Kennedy n’est plus en mesure d’imposer ses réformes. Trump, qui avait promis de le laisser « agir librement » en matière de santé pendant la campagne, semble désormais le marginaliser. Plusieurs exemples illustrent cette perte d’influence :

  • Le gouvernement a autorisé l’extension de l’utilisation du glyphosate, un pesticide que Kennedy avait critiqué pour ses effets potentiellement nocifs sur la santé.
  • L’administrateur de l’EPA, Lee Zeldin, allié aux lobbies industriels, a supprimé des dizaines de réglementations environnementales mises en place sous Biden.
  • Kennedy a dû revoir à la baisse son projet de réforme des préparations pour nourrissons après une opposition du secteur privé.
  • Ses promesses de réduire la prescription d’antidépresseurs et de statines n’ont pas abouti, faute d’actions concrètes.

Un rôle recentré sur la communication

Malgré ces reculs, Kennedy reste un acteur médiatique de premier plan. Son podcast lui offre une plateforme pour diffuser ses idées, même si son pouvoir décisionnel s’amenuise. Cette stratégie pourrait servir les intérêts républicains en vue des prochaines élections législatives, où le mouvement Make America Healthy Again pourrait jouer un rôle clé.

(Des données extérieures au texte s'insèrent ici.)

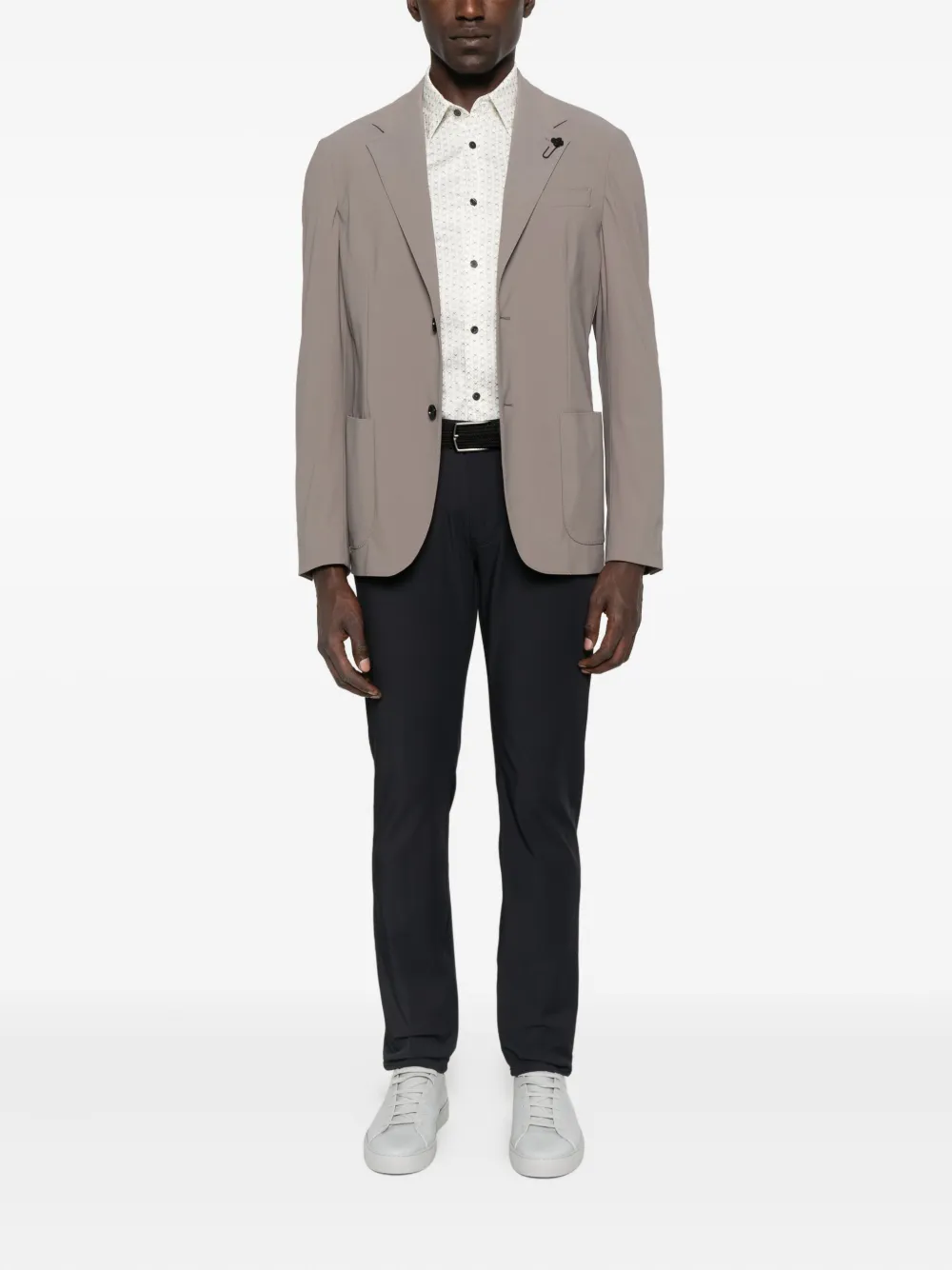 Emporio Armani logo-plaque trousers - Zwart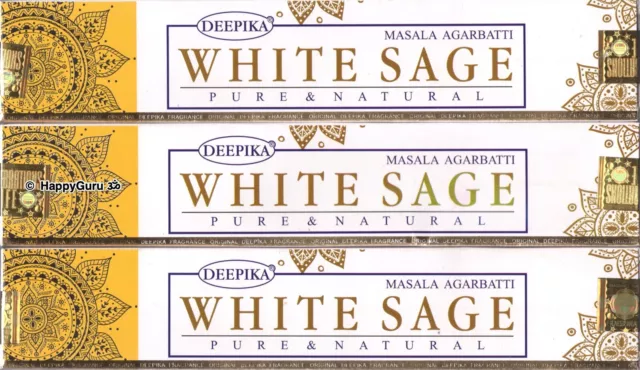 "White Sage" 3 Packets Deepika Incense Sticks Masala Blend 3x 15g Packets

« Kennedy n’est plus qu’un influenceur en chef. Il a une audience immense, mais son rôle politique est désormais réduit à celui d’un porte-parole médiatique. »

Un avenir incertain

Si Kennedy conserve une visibilité médiatique, son influence réelle sur les politiques de santé semble en déclin. La nomination de Schwartz aux CDC en est la preuve la plus tangible. Reste à savoir si cette nouvelle stratégie lui permettra de conserver son rôle central dans le débat public américain.